Later, after he has in fact taken them out of Egypt, he reveals himself more directly:
Exodus 34:6 And he passed in front of Moses, proclaiming, “Yahweh, Yahweh, the compassionate and gracious God, slow to anger, abounding in love and faithfulness…So when God says “I am who I am” (or possibly, “I am going on being who I am going on being”) he means that his actions in the world reveal who he is. He has given us permission, to learn about him through how he acts toward us.

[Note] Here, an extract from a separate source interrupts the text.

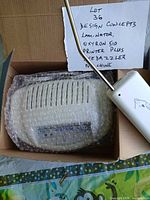 Design Concepts laminator in bubble wrap and Bedazzler handheld tool in box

How does a child get to know its parents? Does it jump out of the womb and say “tell me what you’re like?” No – by the time it’s old enough to ask that question, it already knows by the history of its parents’ actions toward it. Character is learnt through relationship – which is essentially what God is telling Moses.
To think about
How can we know God? The answer is here in Exodus – through his actions. Through his dealings with humans in history as recorded in the Bible, climaxing in Christ – the story of what theologians call “salvation-history.” And we also know God through his personal dealings in our own lives – our own personal “salvation-history.” That’s how we know who God is.
Tomorrow, we’ll look at some of the events in Exodus that reveal who God is. But for now, spend some time compiling a list of things God has done in your life that has revealed his character. And spend some time in prayer thanking him for it.
*What’s with the Yahweh thing? (Warning: nerd time)
In this chapter, God for the first time revealed his name as Yahweh. It sounds a lot like the Hebrew word for “I am.” In the bible passages above, I included the word Yahweh, but most English bibles represent the divine name as the LORD in all capitals. So whenever you read LORD, it’s this name Yahweh in Hebrew. That’s to distinguish it from the Lord (with only an initial capital) which translates the Hebrew word adonay, meaning “master” or “sir” – another way of addressing God.
In fact In fact, in later Judaism, it became unthinkable to utter the divine name Yahweh, because it was so holy. Instead, although they read Yahweh, they pronounced it adonay.
This also explains where the word Jehovah comes from. It was invented by bible translators somewhere around the fifteenth century. You see, in ancient Hebrew there are no vowels written down, only the consonants. Vowels are added when you speak it. (So you’ll often see Yahweh written as YHWH.) And in the absence of tape recorders, we don’t really know what vowels were used in the pronunciation of the consonants YHWH, since after a while no-one dared pronounce it! So German translators took the vowels of the word adonay and put them in the consonants of YHWH, to form YaHoWaH. And since in German the letter J is pronounced like Y, and W like V, so we get JaHoWaH. Or Jehovah, once the English got their hands on it.